In the XVIII century, a legendary trader by the name of Mister Munehisa Homma (born in 1724 in Sakata, Japan) became one of he richest men in Japan by using a system of graphic representation of the rates known as the Japanese Candelsticks. Mister Homma nicknamed ‘the markets god” » was the son of a rich merchant’s family. Homma was interested in the rice selling price.
As the prices of the rice changed a lot, Homma created a system that enabled him to know the evolution of the rice exchange rates.
He put men on the roofs of houses between Sakata and Osaka (about 500 km), these men gave him information about the evolution of the exchange rates, with the use of flags. Thanks to this system, he quickly earned a lot of money which he speculated on the prices of rice in the Dojima Eice Exchange in Osaka. He changed his system into a graphic configuration easy to interpret. The candlesticks were born….
Thanks to this system, Homma speculated in Edo (nowadays Tokyo) and created a very important fortune that he was soon considered the richest man in Japan. A legend says that “one day he made a hundred consecutive financial operations and did not lose any one.” A few years before he died in 1803, he received the title of Samurai; Homma left two books about his graphic technique: Sakata Senho and Soba Sani No Den.
It was in the 1990s when the traders rediscovered the Japanese candlesticks, thanks to Steve Nison. Now they are used by a large number of the investors in the world.
Here are the representation of the Japanese Candlesticks. The red candlestick represents a bearish candlestick (it is also often represented in black), the green candlestick represents the bullish candlestick (it is also often represented by a white candlestick).
To draw a Japanese candlestick, it is necessary to know: the opening price, the closing price, the higher and the lower level.
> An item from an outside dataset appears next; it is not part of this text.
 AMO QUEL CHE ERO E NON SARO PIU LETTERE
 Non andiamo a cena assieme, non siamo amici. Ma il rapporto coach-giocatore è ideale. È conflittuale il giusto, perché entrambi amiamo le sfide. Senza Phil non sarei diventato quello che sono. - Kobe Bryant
A candlestick is made up of a body (large part) and in general with two shadows (vertical line below and above the body).
A green or white candlestick means that the closing has been higher than the opening price, and to the contrary, a red or black candlestick means that the closing has been done under the opening price.
The Japanese candlesticks are a graphic representation that enables one to visualize technical configurations such as the: hammer, the doji, the shooting star, and the hung, as well as several other configurations that make clear the entry or exit signals on the markets.

Before studying the different technical configurations formed by the Japanese candlesticks, let’s first study the different shapes that the candlestick can have.
The candlesticks can have the « marubozu » shape (black or white – red or green) also called “long” (black or white – red or green). These candlesticks represent a strong purchasing or selling presence. In fact, the opening corresponds to the lower level whereas the closing corresponds to the higher point for a green marubozu and the opposite for a red marubozu.
They can have the shape of :
- “Bullish belt loops” which indicate a possible future bullish tendency if the candlesticks are in a rather low price area.
- «Bearish belt loops» which indicate a possible future bearish tendency if the candlesticks are in a rather high price area.
- «Hammers» which are the sing of a bullish reversal when they are on the low points of a bearish tendency. These are called “hung” when they are on high points of a bullish tendency, they announce a bearish exchange rate easing
- “High waves” that can be the signal of a tendency reversal.
- “Inverted hammers” that can be the sign of a bullish tendency change when they are in a bearish market. When they are on the highs of a bullish tendency, they are called “shooting stars” and are announcing an exchange rate easing.
- “Dojis” which translate a great indecisiveness of the stakeholders, a fight between the people who supply and the people who demand, between buyers and sellers. The dojis represent candlesticks that show the closing has been at the same level as the opening. They indicate in general a future important exchange rate movement.